Love still has something of the sea,

From whence his Mother rose.

The Restoration in English poetry was as good a time as any for inclusiveness of
meaning and brevity—that is, expansion and contraction.

13. depth: surface. The value, meaning, import of things are in poetry as there are surface, brightness, the show of things. The eighteenth-century lines with which Gray’s An Ode on the Spring begins are a little funny, I grant, yet there are depth and surface in them: a solidity, a depth is in them along with the frivolous, jolly show of things.

Lo! where the rosy-bosom'd Hours,

Fair Venus’ train appear,

Disclose the long-expecting flowers,

And wake the purple year!

Frivolity oft beckons to profundity; this is an avouchment of poetry.

14. contrivance: spontaneity. Poetry is both artifice and a cry, structure and freedom. How many poems in all languages exemplify the fact that poetry is spontaneous in art! Contrivance and spontaneity may be felt in the first lines of Poe’s Raven:

Once upon a midnight dreary, while I pondered, weak and weary,

Over many a quaint and curious volume of forgotten lore.

Poe’s poem is a careful structure arising from the spontaneously somber, the obsessively boding.

15. unknown: known. What we know and what we don’t know are present as one in poetry. What we see and don’t see, conceive and don’t conceive, understand and are uncertain of—are inextricably to be found in the beginning stanza of Shakespeare’s The Phoenix and the Turtle:

Let the bird of loudest lay,

On the sole Arabian tree,

Herald sad and trumpet be,

To whose sound chaste wings obey.

16. sameness: difference. Things are the same and different in a poem. All the technique of poetry is about sameness and difference: metaphor, image, symbol, personification—these are in “meaning technique.”And rhyme, assonance, change of accent, alliteration, syllabic recurrence, the chemistry of sound, parallelism, onomatopoeia—these are in “word technique.” Whatever the manifestation of technique in poetry, sameness and difference as one are in play.

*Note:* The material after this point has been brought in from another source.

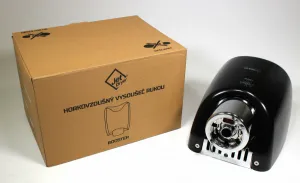 Černý kovový bezdotykový horkovzdušný vysoušeč rukou Jet Dryer BOOSTER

When the hounds of spring are on winter’s traces,

The mother of months in meadow or plain—

these lines of Swinburne are permeated with sameness and difference as one thing.

And so it is in poetry.

III. Epilogue

I trust that the instances I have given make acceptable the idea that Poetry, like Art, is the oneness of the permanent opposites in reality as seen by an individual.